╔══

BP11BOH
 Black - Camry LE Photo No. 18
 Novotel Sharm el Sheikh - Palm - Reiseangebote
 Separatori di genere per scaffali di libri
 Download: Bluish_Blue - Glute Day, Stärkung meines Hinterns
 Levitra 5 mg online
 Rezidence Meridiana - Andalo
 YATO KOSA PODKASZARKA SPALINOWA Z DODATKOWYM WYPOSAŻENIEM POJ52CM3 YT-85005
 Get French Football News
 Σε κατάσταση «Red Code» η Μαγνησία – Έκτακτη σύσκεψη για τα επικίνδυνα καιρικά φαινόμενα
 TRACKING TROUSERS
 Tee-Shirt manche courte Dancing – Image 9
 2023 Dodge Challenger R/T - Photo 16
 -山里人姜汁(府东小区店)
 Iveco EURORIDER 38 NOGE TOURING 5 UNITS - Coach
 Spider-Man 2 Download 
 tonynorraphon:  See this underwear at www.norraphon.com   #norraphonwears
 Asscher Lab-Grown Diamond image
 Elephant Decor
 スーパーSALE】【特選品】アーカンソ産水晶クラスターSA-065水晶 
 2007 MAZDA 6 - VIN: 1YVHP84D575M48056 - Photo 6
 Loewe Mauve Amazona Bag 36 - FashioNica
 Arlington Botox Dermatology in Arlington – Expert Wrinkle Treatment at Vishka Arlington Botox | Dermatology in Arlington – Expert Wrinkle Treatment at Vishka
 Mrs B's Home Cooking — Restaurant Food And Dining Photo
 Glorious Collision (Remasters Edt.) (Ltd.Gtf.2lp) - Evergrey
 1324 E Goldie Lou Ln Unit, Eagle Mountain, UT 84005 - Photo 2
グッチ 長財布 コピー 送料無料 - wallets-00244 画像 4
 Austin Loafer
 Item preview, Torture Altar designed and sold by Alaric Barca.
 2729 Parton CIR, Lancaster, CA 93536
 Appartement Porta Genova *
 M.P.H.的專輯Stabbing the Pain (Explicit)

╚══

▶ WHAT IS NEEDED: Word for word, write out every line of the listing.

▶ ANSWER TO THIS EXERCISE:
BP11BOH
 Black - Camry LE Photo No. 18
 Novotel Sharm el Sheikh - Palm - Reiseangebote
 Separatori di genere per scaffali di libri
 Download: Bluish_Blue - Glute Day, Stärkung meines Hinterns
 Levitra 5 mg online
 Rezidence Meridiana - Andalo
 YATO KOSA PODKASZARKA SPALINOWA Z DODATKOWYM WYPOSAŻENIEM POJ52CM3 YT-85005
 Get French Football News
 Σε κατάσταση «Red Code» η Μαγνησία – Έκτακτη σύσκεψη για τα επικίνδυνα καιρικά φαινόμενα
 TRACKING TROUSERS
 Tee-Shirt manche courte Dancing – Image 9
 2023 Dodge Challenger R/T - Photo 16
 -山里人姜汁(府东小区店)
 Iveco EURORIDER 38 NOGE TOURING 5 UNITS - Coach
 Spider-Man 2 Download 
 tonynorraphon:  See this underwear at www.norraphon.com   #norraphonwears
 Asscher Lab-Grown Diamond image
 Elephant Decor
 スーパーSALE】【特選品】アーカンソ産水晶クラスターSA-065水晶 
 2007 MAZDA 6 - VIN: 1YVHP84D575M48056 - Photo 6
 Loewe Mauve Amazona Bag 36 - FashioNica
 Arlington Botox Dermatology in Arlington – Expert Wrinkle Treatment at Vishka Arlington Botox | Dermatology in Arlington – Expert Wrinkle Treatment at Vishka
 Mrs B's Home Cooking — Restaurant Food And Dining Photo
 Glorious Collision (Remasters Edt.) (Ltd.Gtf.2lp) - Evergrey
 1324 E Goldie Lou Ln Unit, Eagle Mountain, UT 84005 - Photo 2
グッチ 長財布 コピー 送料無料 - wallets-00244 画像 4
 Austin Loafer
 Item preview, Torture Altar designed and sold by Alaric Barca.
 2729 Parton CIR, Lancaster, CA 93536
 Appartement Porta Genova *
 M.P.H.的專輯Stabbing the Pain (Explicit)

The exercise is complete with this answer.